Eine Erstattung von Abgabenbeträgen oder ein Erlass von Abgabenschulden erfolgt, wenn

  • der ursprünglich erhobene Abgabenbetrag aufgrund eines Irrtums der Zollstelle niedriger als der gesetzlich geschuldete Abgabenbetrag gewesen ist oder
  • eine mit der Zollanmeldung wirksam beantragte Zollermäßigung oder Zollbefreiung (z.B. im Rahmen eines Zollkontingents) wegen eines Fehlers der Zollstelle nicht gewährt werden konnte.

Die Rechtsgrundlage für den Erlass oder die Erstattung

Die rechtliche Grundlage für den Erlass oder die Erstattung von Einfuhr- oder Ausfuhrabgaben ist hier Art. 119 Zollkodex der Europäischen Union (UZK).

Antragsfrist

Der Erlass- bzw. Erstattungsantrag muss grundsätzlich innerhalb von drei Jahren nach der Mitteilung der betreffenden Abgaben an den Zollschuldner gestellt werden (Art. 121 Abs. 1 Buchstabe a) UZK). Nach Ablauf dieser Frist ist der Anspruch auf den Erlass oder die Erstattung verjährt und hinfällig.
Der Abgabenbetrag gilt als mitgeteilt, wenn dem Abgabenschuldner der entsprechende Bescheid zugeht. In Deutschland gilt ein mit der Post übermittelter Bescheid am 3. Tag nach der Aufgabe als zugegangen (§ 122 Abs. 2 Abgabenordnung (AO)). Elektronisch übermittelte Bescheide werden am 3. Tag nach der Absendung als bekannt gegeben angesehen (§ 122 Abs. 2a AO). Die Frist beginnt an dem Tag, der auf den Tag des Zugangs folgt.
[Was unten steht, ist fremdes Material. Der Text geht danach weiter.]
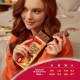 Шоколад молочный Alpen Gold соленый арахис-крекер, 80г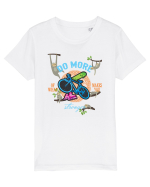 lazy-more Tricou mânecă scurtă  Copii Mini Creator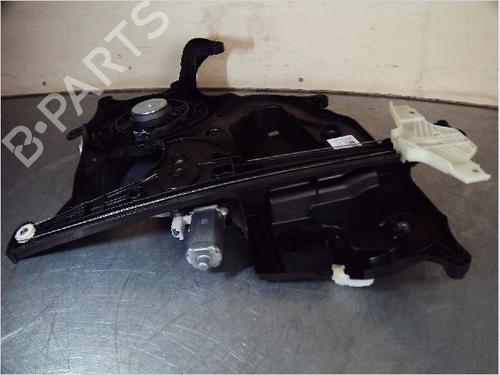 Front left window mechanism PEUGEOT PARTNER Box Body/MPV (K9) 1.5 BlueHDi 100 | BP10939168C22 
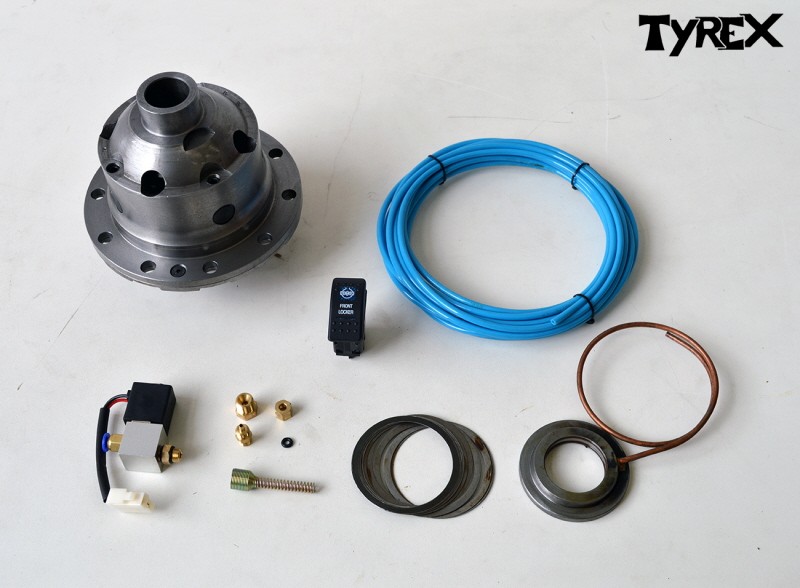 TYREX fram trycklufts diff lås ISUZU D-MAX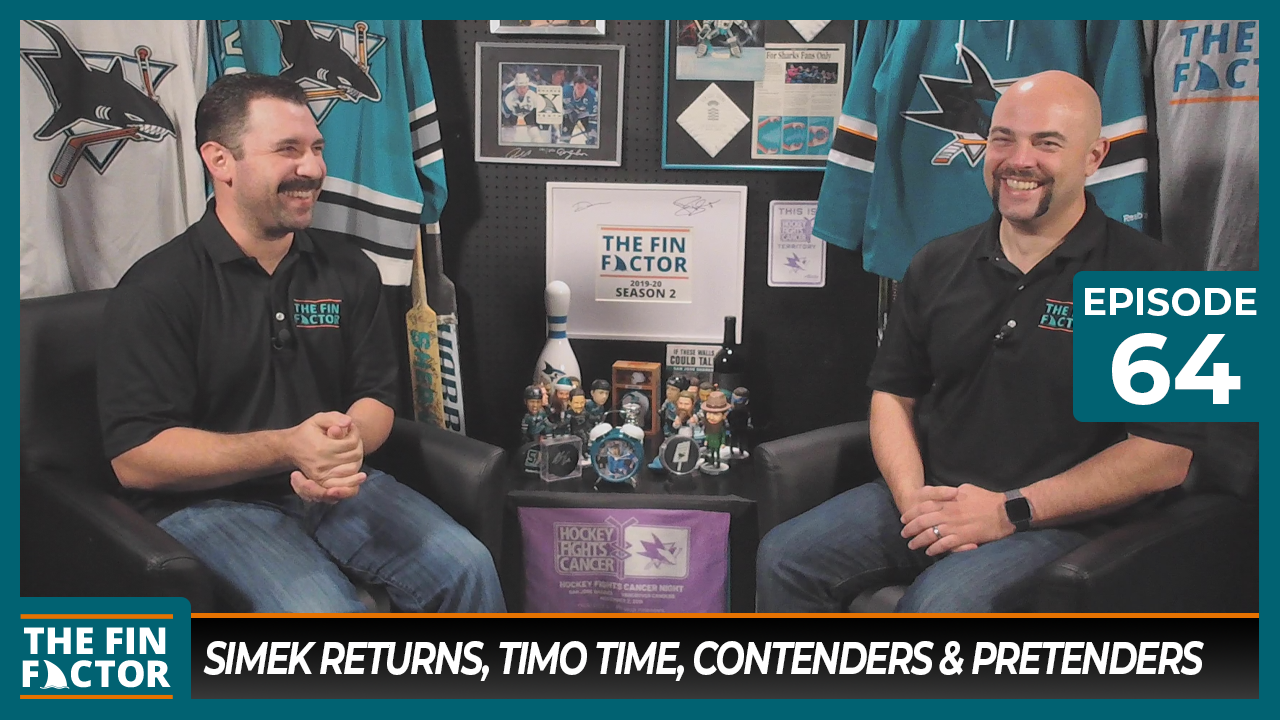 Episode 64: Simek Returns, Timo Time, Contenders & Pretenders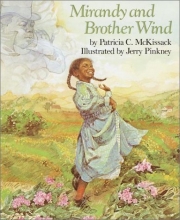 Cover art for Mirandy and Brother Wind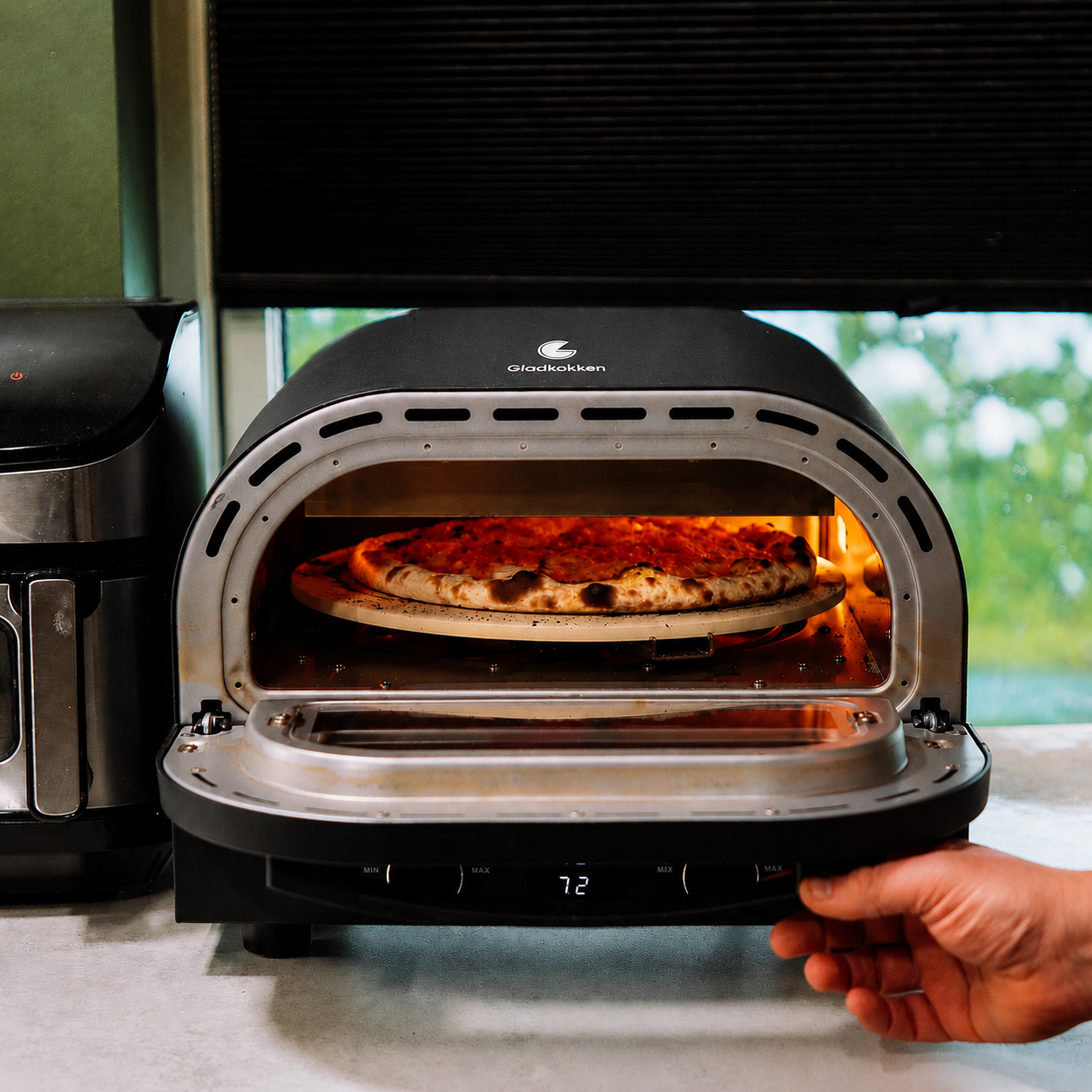 Elektrisk Pizzaovn – 2000W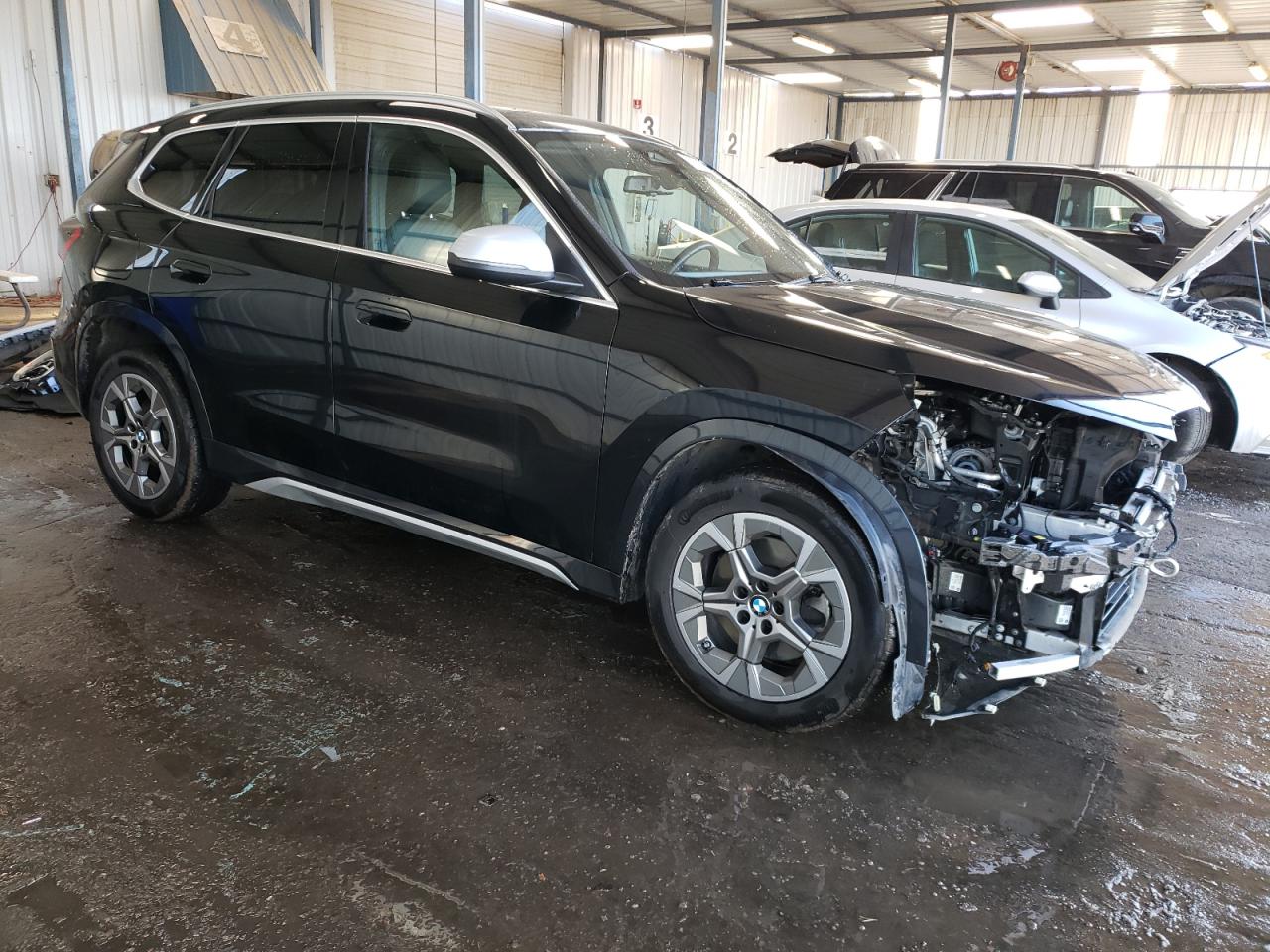 2024 BMW X1 VIN WBX73EF03R5Y83931 Copart auction photo, front end damage thumbnail 4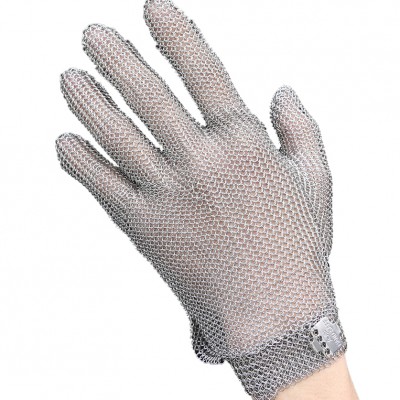 316 Stainless Steel wire mesh Safety Metal Butcher Gloves in stock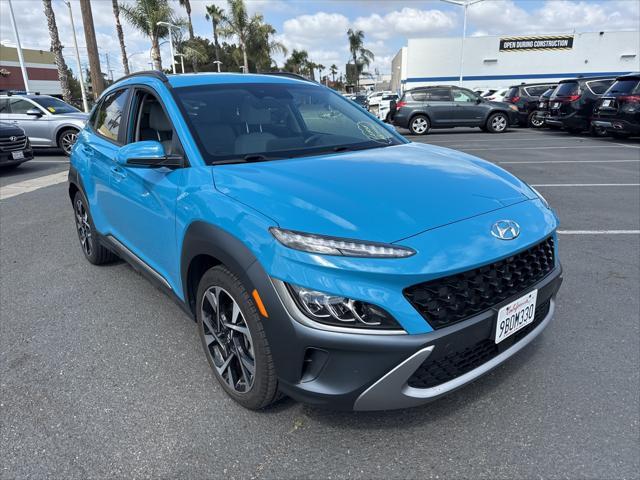 used 2022 Hyundai Kona car, priced at $23,597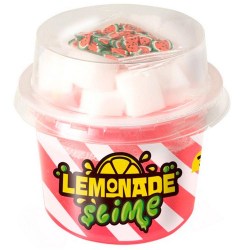 Слайм SLM155 Lemonade розовый Funny slime
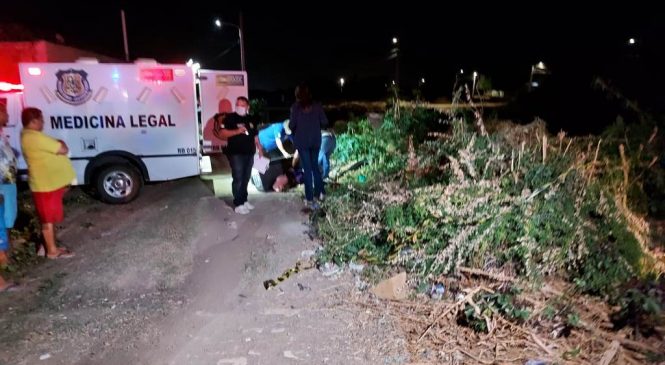 Crime de homicídio a tiros em Mossoró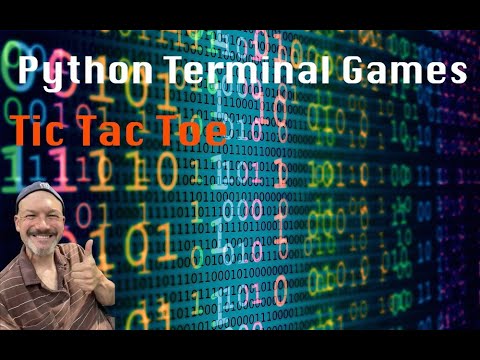 Python Games - Tic Tac Toe Code Along 4 - Check for Win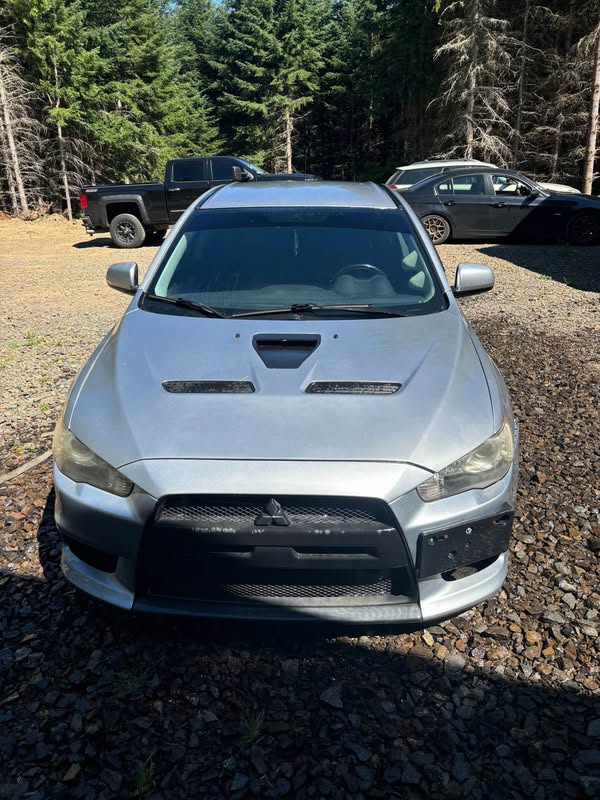2008 Mitsubishi Lancer Evolution - GSR Sedan 4D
Der Sachverhalt, der den Erlass oder die Erstattung ermöglicht

Ist ein Einfuhr- oder Ausfuhrabgabenbetrag festzusetzen, der aus gesetzlichen Gründen vom Zollschuldner nicht nachgefordert werden darf, werden die Abgaben gemäß Art. 119 UZK erlassen, sofern der Erlass nicht schon gemäß Art. 116 Abs. 1 Unterabs. 2, Art. 117, 118 oder 120 UZK gewährt werden kann. Sind die Abgaben bereits entrichtet, erfolgt eine Erstattung.

Was bedeutet "nachfordern"?

Es kann leider nicht ausgeschlossen werden, dass bei einer Zollabfertigung weniger Ein- oder Ausfuhrabgaben angefordert worden sind, als es der gesetzlich festgelegten Abgabenschuld entspricht. Häufig ist dies auf fehlerhafte Angaben in der Zollanmeldung oder Irrtümer durch die Zollstelle zurückzuführen. Wird dies nachträglich festgestellt, müssen die Zollstellen den Differenzbetrag festsetzen und dies dem Zollschuldner mitteilen. Der Zollschuldner ist grundsätzlich verpflichtet, den Differenzbetrag nachzuzahlen. Nur in gesetzlich bestimmten Ausnahmefällen ist von einer Nachforderung abzusehen. Der nachträglich festgesetzte Teil der Abgabenschuld wird erlassen. Hat der Zollschuldner bereits gezahlt, ist die Erstattung vorgesehen.

Wann ist eine Nachforderung von Abgaben nicht vorgesehen?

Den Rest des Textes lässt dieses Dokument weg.